Ludwig & Gurtov                                                 [Page 4]


INTERNET-DRAFT            TCP - Eifel Response             October, 2002


              Set
                  DupThresh <- max (DupThresh, SpuriousRecovery)

              Proceed to step (ReCC).

      (ReCC)  Revert the congestion control state:

              If the acceptable ACK has the ECN-Echo flag [RFC3168] set
              OR the TCP sender has already taken more than three
              timeouts for the oldest outstanding segment, then proceed
              to step (DONE),

              else set
                  cwnd <- FlightSize + SMSS
                  ssthresh <- pipe_prev

              Note: At this point in the algorithm, the value of
              FlightSize might be different from the value of FlightSize
              in step (0).

              Proceed to step (DONE).

      (DONE)  No further processing.


2.2 Responding to Spurious Timeouts

2.2.1 Suppressing the Unnecessary go-back-N Retransmits (step STO.1)

   Without the use of the TCP timestamps option, the TCP sender suffers
   from the retransmission ambiguity problem [Zh86], [KP87]. This means
   that when the first acceptable ACK arrives after a spurious timeout,
   the TCP sender must believe that that ACK was sent in response to the
   retransmit when in fact it was sent in response to the original
   transmit. Furthermore, the TCP sender must also believe that all
   other segments outstanding at that point were lost.

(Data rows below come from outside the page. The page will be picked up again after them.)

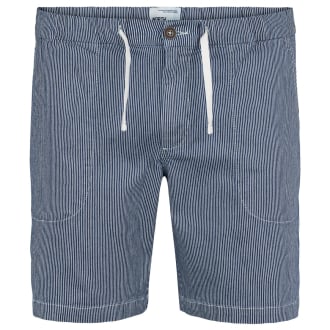 Stretch-Shorts blau/weiß_0910/4020 | 7XL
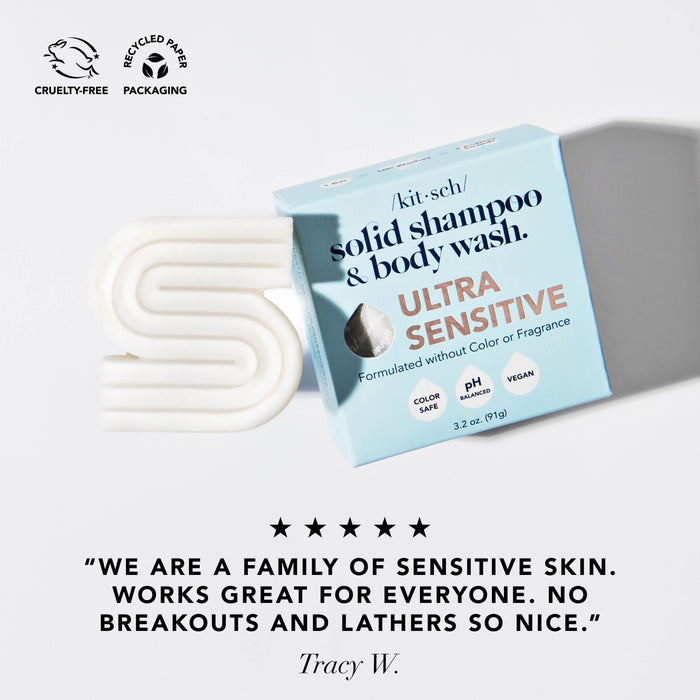 Ultra Sensitive Shampoo & Body Wash Bar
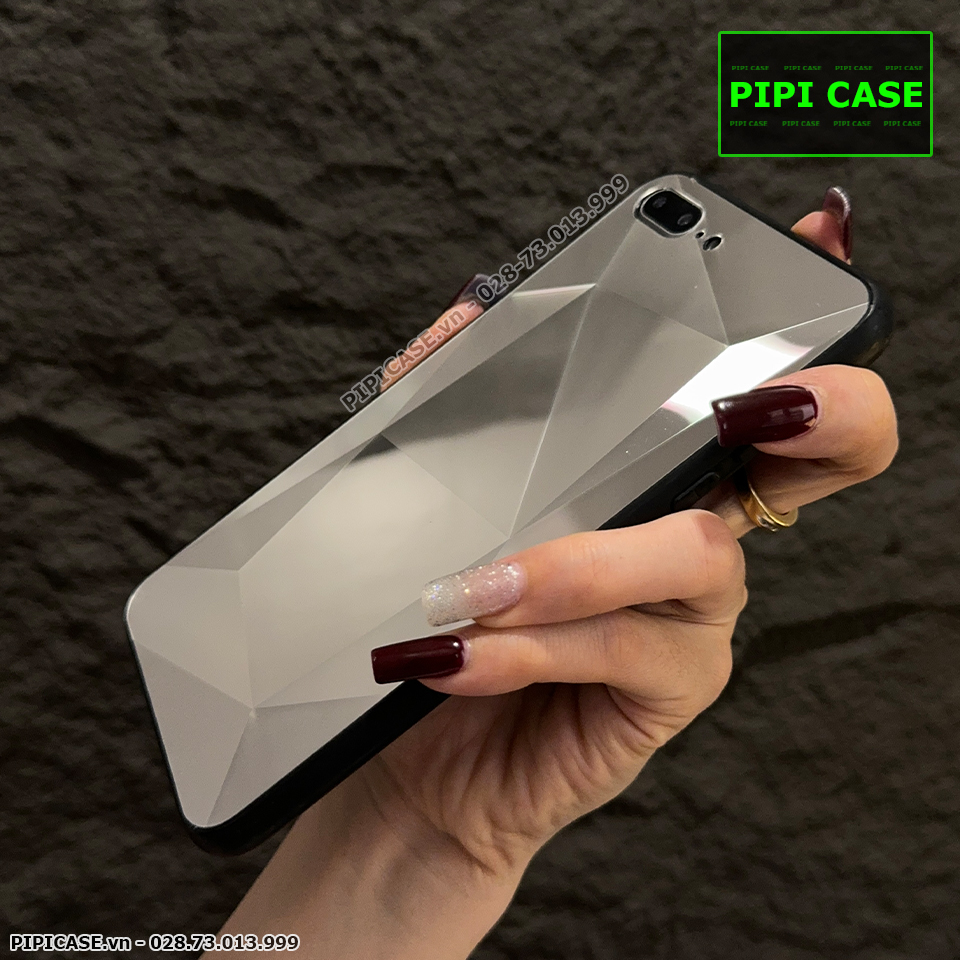 Ốp Lưng iPhone 7 Plus / 8 Plus - Kim Cương 6D - Bạc_thumbnail_2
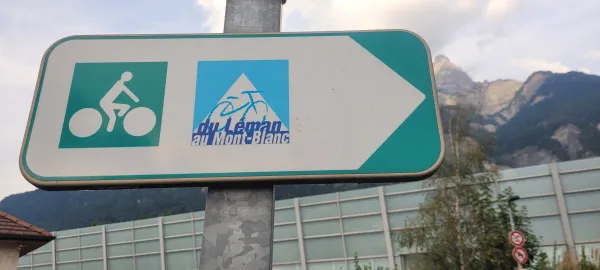 Véloroute Chamonix-Léman - secteur Sallanches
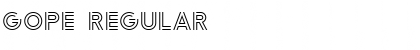 Download Gope Font Download Gope Font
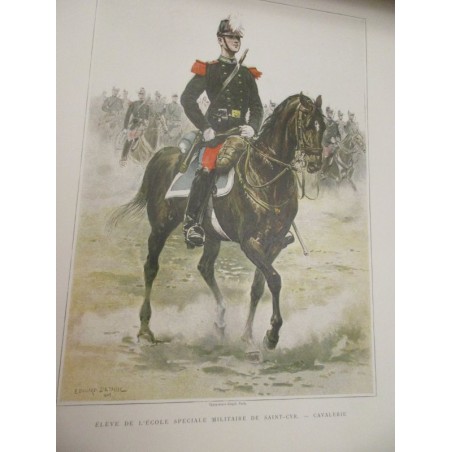 Types et uniformes de l'Armée française, le Panorama, Edouard Detaille, 1890 - uniformes militaires, gravures,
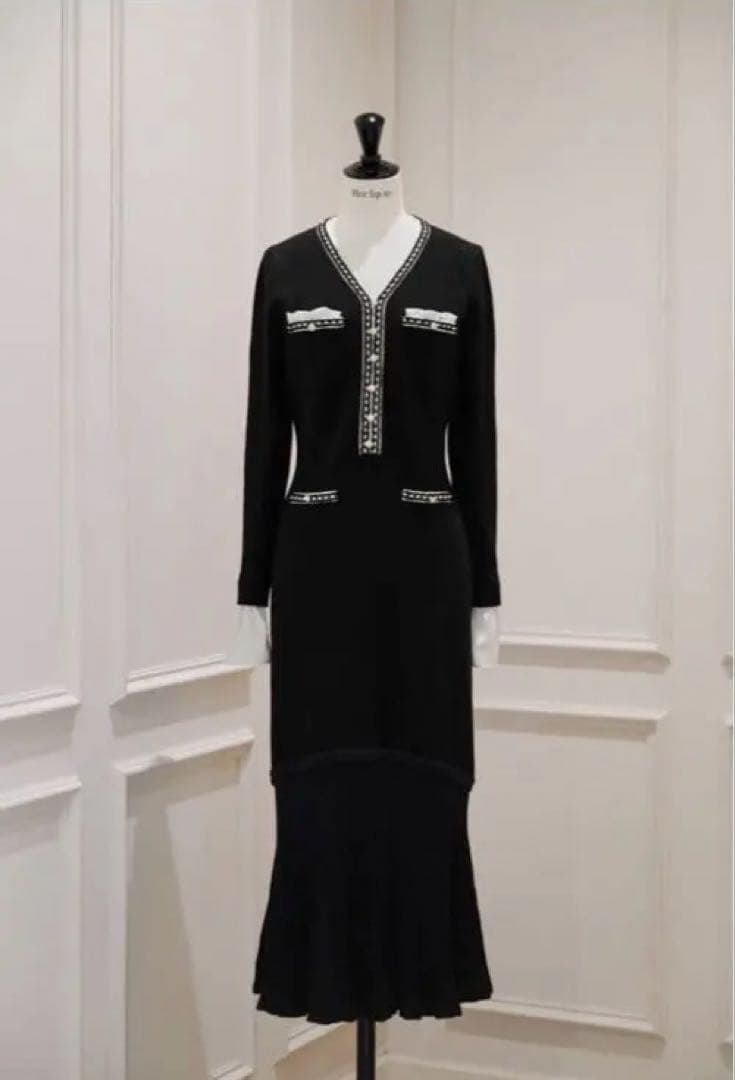 Herlipto Isaline Long Knit Dress ハーリップトゥ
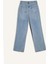 90's Wide Leg Yüksek Bel Uzun Jean Yıkamalı Pantolon 11
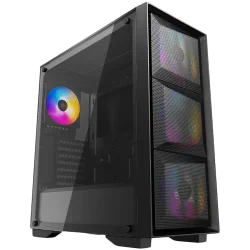 DeepCool MATREXX 50 MESH 4FS, Mid Tower, Mini-ITX/Micro-ATX/ATX/E-ATX, 1xUSB3.0, 2xUSB2.0, 1xAudio, 4x 120mm Tri-color LED Fans,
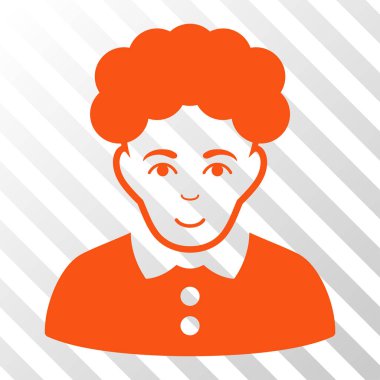 Esmer kadın vektör simgesi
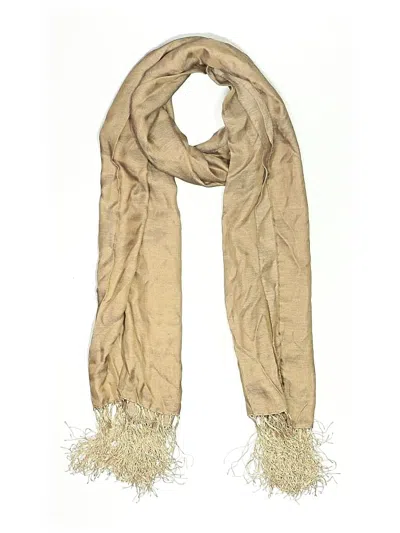 Pre-owned Unbranded Scarf In Tan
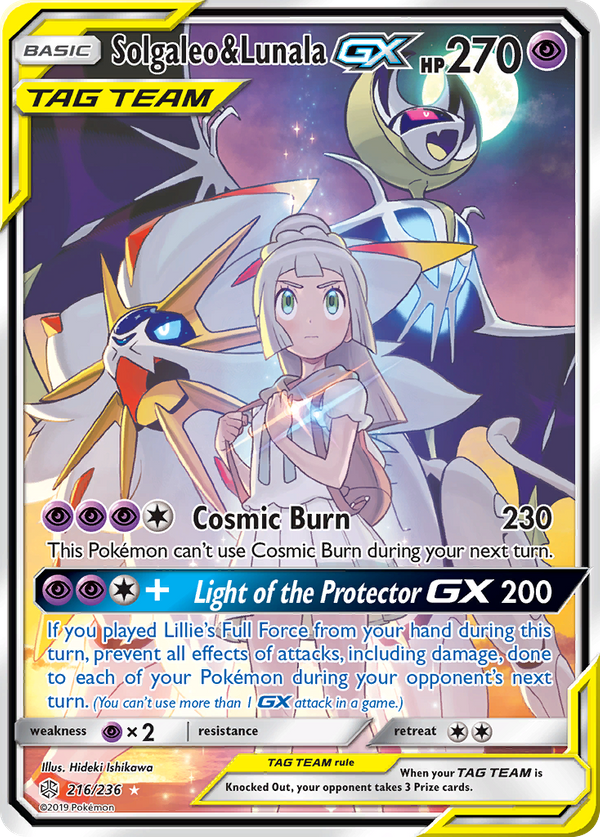 Solgaleo & Lunala GX (216/236) - Cosmic Eclipse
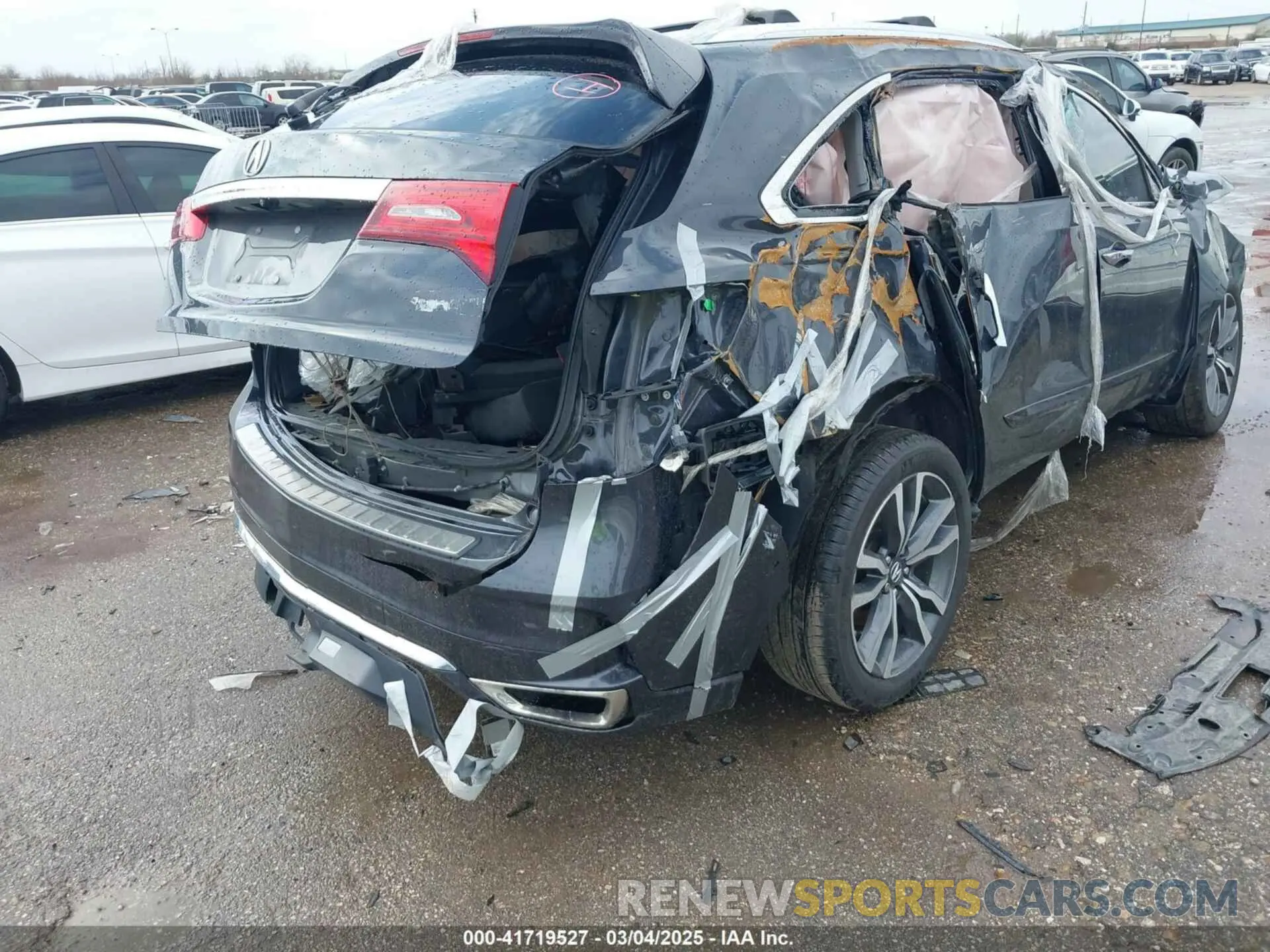 4 fotografías del automóvil dañado 5J8YD3H85KL002610 ACURA MDX 2019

      Note: Except for certain cases where original ACKs were lost, that
      first acceptable ACK cannot carry any DSACK option [RFC2883].

   Consequently, once the TCP sender's state has been updated after the
   first acceptable ACK has arrived, SND.NXT equals SND.UNA. This is
   what causes the often unnecessary go-back-N retransmits. Now every
   arriving acceptable ACK that was sent in response to an original
   transmit will advance SND.NXT. But as long as SND.NXT is smaller than
   the value that SND.MAX had when the timeout occurred, those ACKs will
   clock out retransmits; whether those segments were lost or not.

   In fact, during this phase the TCP sender breaks 'packet
   conservation' [Jac88]. This is because the go-back-N retransmits are
   sent during slow start. I.e., for each original packet leaving the


Ludwig & Gurtov                                                 [Page 5]


INTERNET-DRAFT            TCP - Eifel Response             October, 2002


   network, two retransmits are sent into the network as long as SND.NXT
   does not equal SND.MAX (see [LK00] for more detail).

   The use of the TCP timestamps option reliably eliminates the
   retransmission ambiguity problem. Thus, once the Eifel detection
   algorithm detected that a timeout was spurious, it is therefore safe
   to let the TCP sender resume the transmission with new data. Thus,
   the Eifel response algorithm changes the TCP sender's state by
   setting SND.NXT to SND.MAX in that case.

2.2.2 Re-Initializing the RTT Estimators (step STO.2)

   Since the timeout was spurious, the TCP sender's RTT estimators are
   likely to be off. On the other hand, since timestamps are used, a new
   and valid RTT measurement (RTT-SAMPLE) can be derived from the
   acceptable ACK. It is therefore suggested to reinitialize the RTT
   estimators from RTT-SAMPLE.

   To have the new RTO become effective, the retransmission timer needs
   to be restarted. This is consistent with [RFC2988] which recommends
   restarting the retransmission timer with the arrival of an acceptable
   ACK.


2.3 Responding to Spurious Fast Retransmits (step SFR)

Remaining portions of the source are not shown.